By ALEC ETHEREDGE | Sports Editor

With half of the local girls’ basketball teams finishing above .500 this season, and several making deep playoff runs in 2019, it was tough to decide on the county’s coach of the year for the 2018-19 season.

The Shelby County Wildcats and Spain Park Jaguars both finished with 27-plus wins and a combined record of 56-9 thanks to great leadership from Ashley Phillips and back-to-back coach of the year winner Mike Chase, respectively.

The Wildcats advanced to the Sweet 16 where they lost just their second game of the season, while the Jaguars fell just short of their third straight trip to the Final Four with a loss to Hewitt-Trussville in the Elite Eight.

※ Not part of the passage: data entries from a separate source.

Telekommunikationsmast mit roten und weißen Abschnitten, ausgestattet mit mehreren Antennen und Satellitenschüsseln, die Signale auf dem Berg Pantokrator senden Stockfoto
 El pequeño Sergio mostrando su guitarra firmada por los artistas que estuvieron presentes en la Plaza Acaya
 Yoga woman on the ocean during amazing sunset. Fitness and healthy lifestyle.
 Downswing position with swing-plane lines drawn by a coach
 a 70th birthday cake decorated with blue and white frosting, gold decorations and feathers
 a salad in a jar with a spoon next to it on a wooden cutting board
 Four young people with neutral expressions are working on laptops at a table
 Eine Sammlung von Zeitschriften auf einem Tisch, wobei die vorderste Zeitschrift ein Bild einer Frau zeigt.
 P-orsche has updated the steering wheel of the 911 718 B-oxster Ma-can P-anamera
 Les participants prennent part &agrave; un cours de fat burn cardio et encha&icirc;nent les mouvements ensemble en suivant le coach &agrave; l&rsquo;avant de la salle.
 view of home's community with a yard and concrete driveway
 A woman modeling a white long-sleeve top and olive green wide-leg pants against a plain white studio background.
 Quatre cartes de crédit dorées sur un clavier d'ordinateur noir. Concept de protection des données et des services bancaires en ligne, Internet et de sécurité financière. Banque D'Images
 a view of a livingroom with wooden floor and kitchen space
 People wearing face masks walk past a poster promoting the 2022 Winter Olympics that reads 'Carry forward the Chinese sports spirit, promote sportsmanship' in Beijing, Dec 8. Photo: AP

Both of those coaches were worthy of consideration as were the jobs of Beth Parmer at Oak Mountain, Crosby Morrison at Pelham and Lorie Kerley at Briarwood, all three of whom transformed their teams’ effort in their first year at the helm; while Westminster at Oak Mountain’s Dana Gache led her team to the Final Four for the second time in three years.

But one coach’s job went above and beyond anyone’s expectation.

Chelsea head coach Jason Harlow stepped into his role with the Hornets during the 2018-19 season looking to get his girls to buy in and simply try to improve their effort to start an upward trend, but his first season turned into much more than that earning him the 2019 Shelby County Coach of the Year award.

During the 2017-18 basketball season, Chelsea won all of three games and finished the season at 3-22 overall after losing their leading scorer Michaella Edwards to a season-ending knee injury during her junior season.

One year later, again without Edwards who moved to a prep school, the Hornets were under the leadership of Harlow looking to build more as a team with some experienced players back.

Harlow took a team that had finished 3-22 the year before and led them to their first finish above .500 since the 2007-2008 season, as the Hornets finished 2019 with a 16-13 overall record.

That on its own was a drastic turnaround, but to add to the special story, he and the team won the Class 6A Area 8 regular-season championship and tournament, before earning their first berth in the Sweet 16 since the 2001 basketball season.

In one season, Harlow was able to take Chelsea to a place it hadn’t seen in close to 20 years, and it was all because of the effort he got the girls to play with.

While there may have been more talented teams overall this season, I was hard-pressed to find one that worked harder on both ends of the floor.

It all started with their defense though. It was a defense that knew when to press and when to play back, but it was suffocating whether they picked you up as soon as the ball was inbounded or as soon as you brought the ball into the front court.

That presence led to fast break opportunities and plenty of offensive success, and despite being in several close games, the Hornets knew they could rely on the defense in big situations to help them pull out a key win.

Their energy of always moving and running to the ball was what made them as good as they were this year, and that all starts with the leadership of the coach and the girls to trust his coaching.

All of that fell into place, and led to a special season for the Hornets and a coach of the year honor for Harlow in year one.